REQUIRED WORK. Look in the data below for the line that has "Esstisch Holz, Metall Braun 200x100x76cm", then print exactly every line from there through the line that has "Visual Comfort Modern", leaving pictures out.

INFORMATION GIVEN.
────────────────────────────────────────
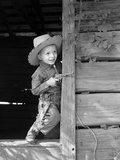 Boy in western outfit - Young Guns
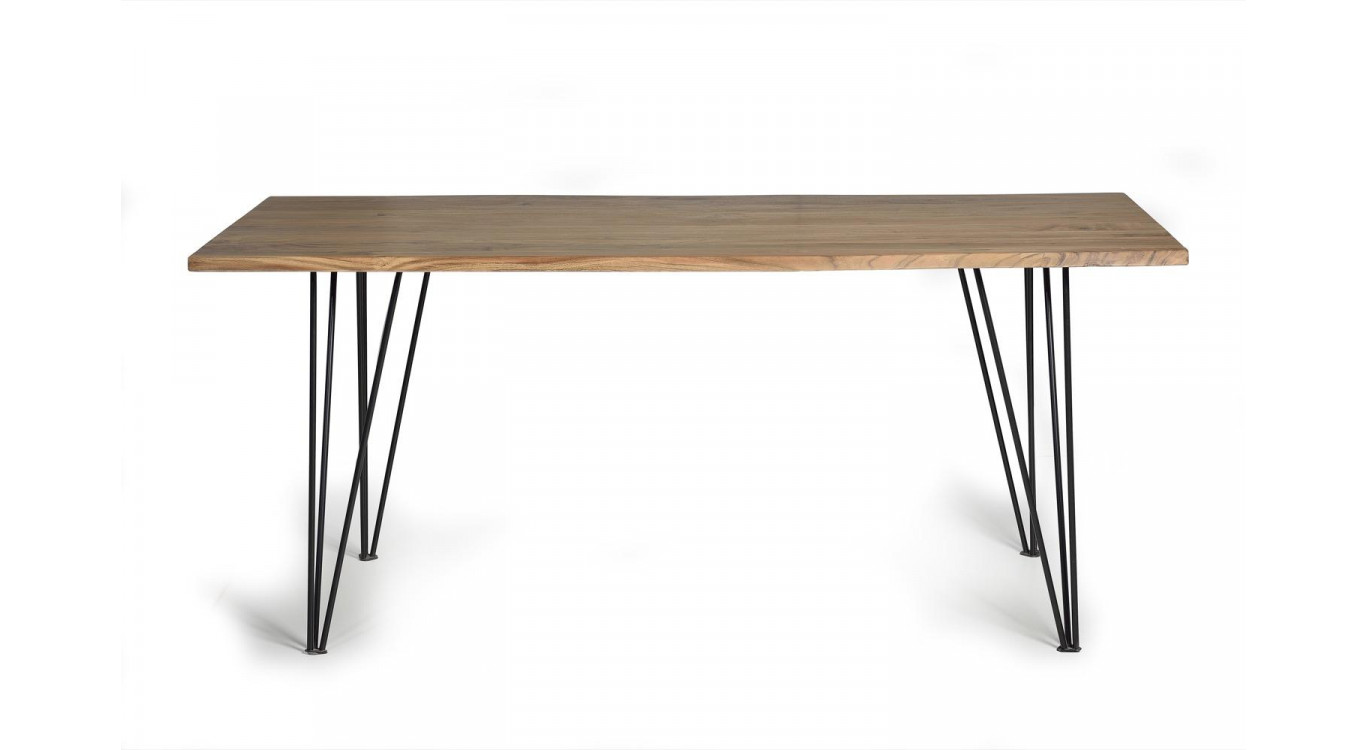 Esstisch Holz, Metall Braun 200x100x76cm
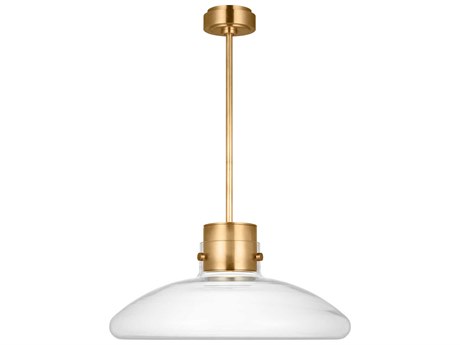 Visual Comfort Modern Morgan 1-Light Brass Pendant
────────────────────────────────────────
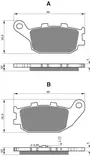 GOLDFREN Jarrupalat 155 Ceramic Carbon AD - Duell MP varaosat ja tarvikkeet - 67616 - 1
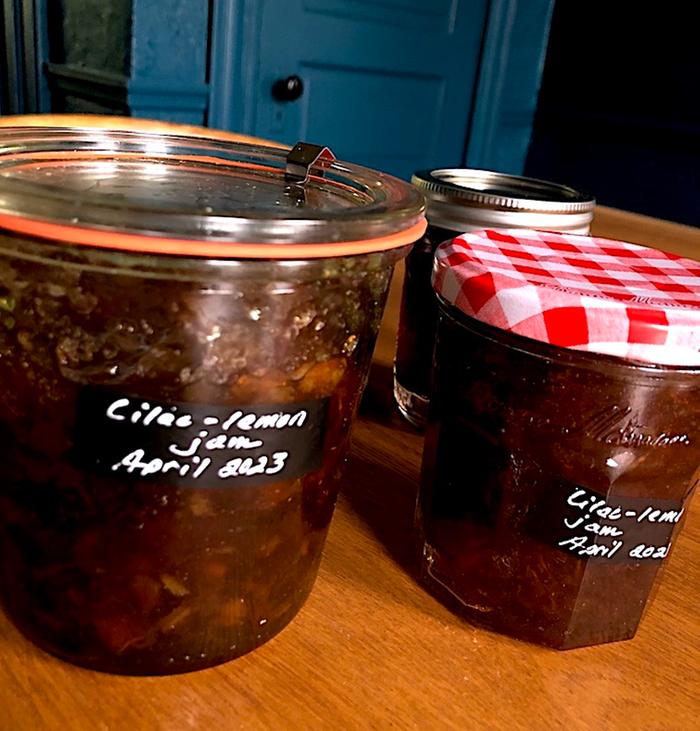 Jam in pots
────────────────────────────────────────
YOUR SOLUTION.
 Esstisch Holz, Metall Braun 200x100x76cm
 Visual Comfort Modern Morgan 1-Light Brass Pendant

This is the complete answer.